On a souvent dit et répété que l’humanité tourne dans un cercle. Erreur. L’humanité tourne en effet, mais non dans un cercle j elle tourne dans une spirale. Chaque siècle est une volute de cette spirale sans fin qui va toujours s’élargissant. Dans cette évolution mystérieuse, chaque époque nouvelle repasse où les autres époques ont déjà passé, mais à une certaine distance. De là vient que l’humanité revoit quelquefois les mêmes choses sans revenir jamais au même point.
Un siècle comme un fleuve a son lit dans lequel Dieu veut qu’il coule et suivant lequel doivent fatalement se diriger, à peine de se perdre en marais stagnants ou en eaux croupissantes, tous ses flots, c’est-à-dire, tous ses hommes, tous ses événements, toutes ses idées. — Le lit du dix-neuvième siècle c’est l’esprit de liberté.

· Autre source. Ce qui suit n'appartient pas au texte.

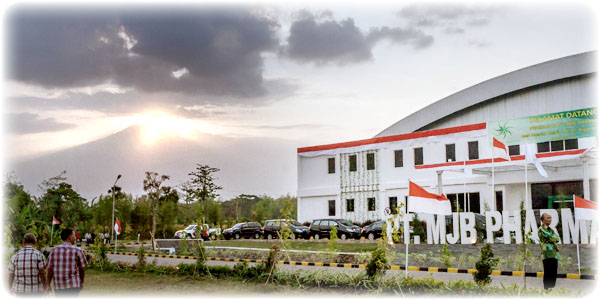 MJB Pharma Factory Grand Opening 6 Oktober 2014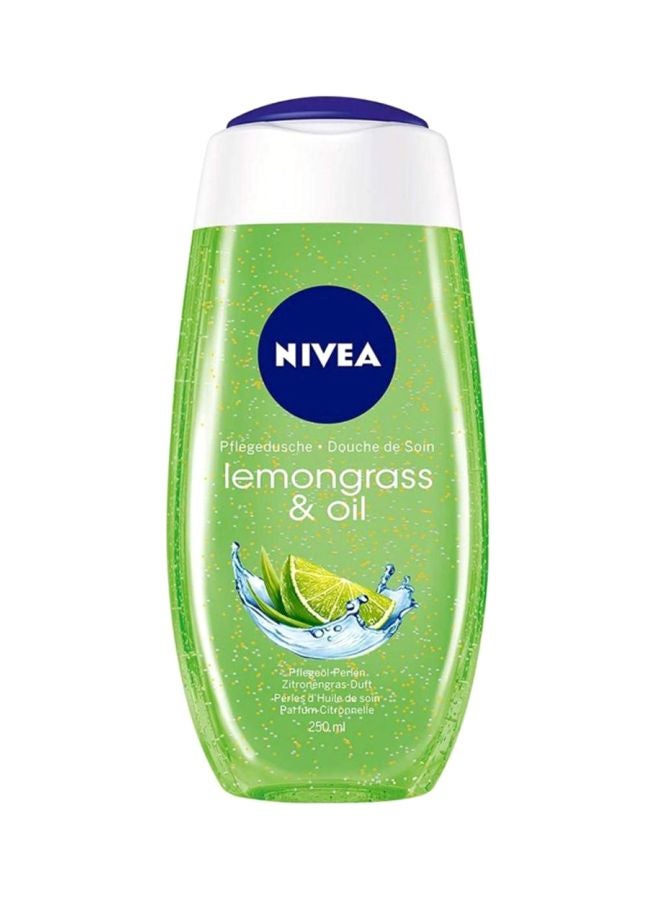 Nivea Lemongrass Shower Gel 250ml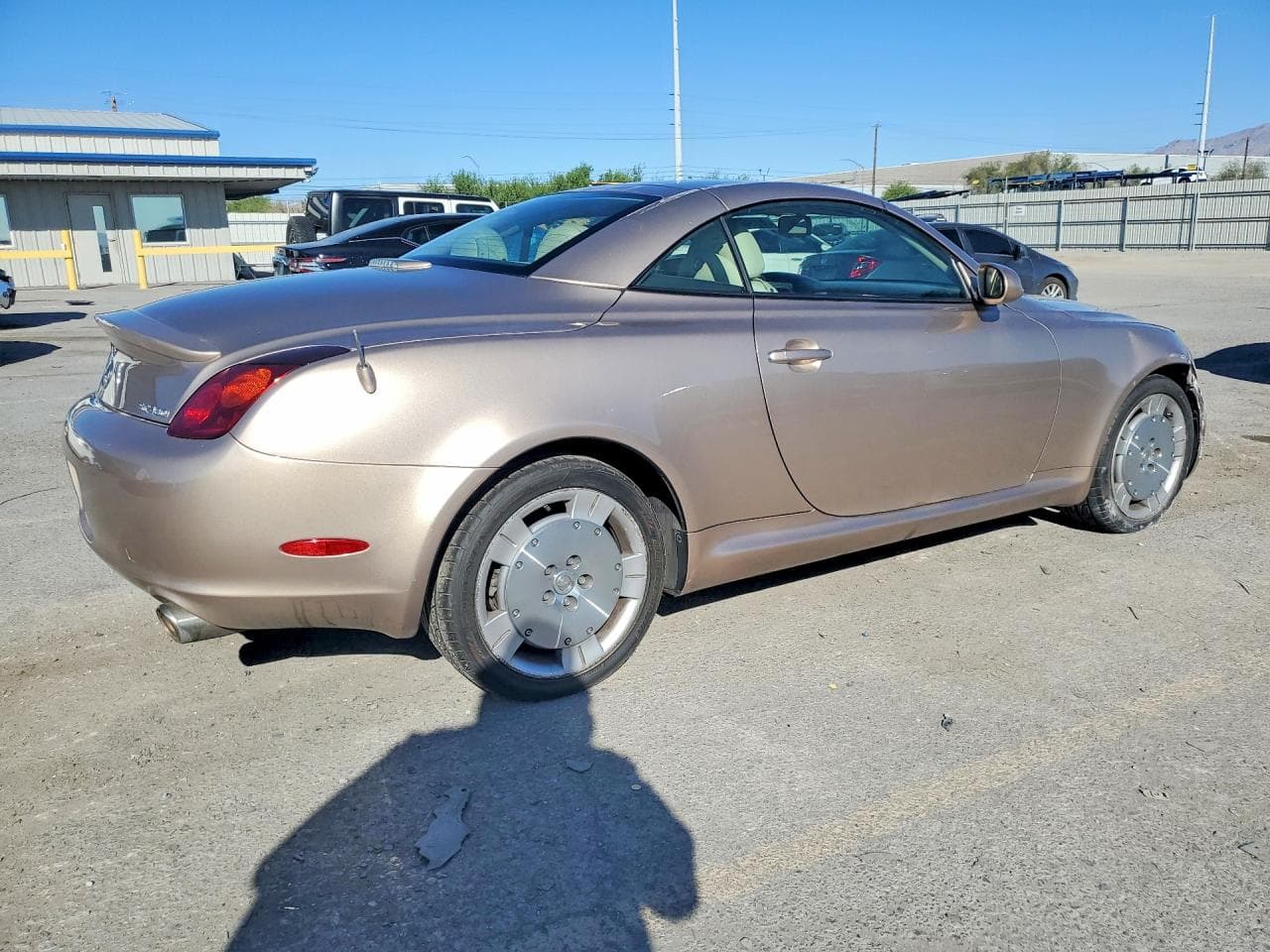 2004 Lexus Sc 430 - foto 3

Un des signes auxquels on reconnaît qu’une nation est devenue souveraine, c’est quand les autres peuples se tournent vers elle, et de gré ou de force, à leur insu ou malgré eux, par instinct, par volonté ou par hasard, y aboutissent. Tout vient à qui est grand. Dès qu’une nation se fait reine, elle pénètre de la vie qui lui est propre les autres nations, elle donne la clarté aux grandes, la loi aux petites, l’impulsion à toutes. Tout ce qui naît, même hors d’elle, naît en elle, par la pensée, sinon par le lieu, par la destinée, sinon par le sang. Les nations voisines, les petits états surtout, viennent comme des affluents se perdre dans ce puissant fleuve d’idées et de faits, et le grossir. De là ces inondations de grands peuples qui renversent de temps en temps les frontières matérielles des empires, mais qui en créent les vraies frontières morales et qui fécondent la civilisation.
Quand Rome domine, Lucain naît en Espagne, et naît romain. Quand l’Espagne, Christophe Colomb, Spinola, génois.
Maintenant, c’est la France : Reine par les idées, reine par les armes. Tout est français. Genève engendre un grand écrivain, c’est un écrivain français ; la Corse enfante un grand capitaine, c’est un capitaine français.
Voici la définition de l’ordre dans sa haute et complète acception :
L’ordre est l’entier développement des facultés de chacun selon le diamètre que la nature et la providence lui ont donné.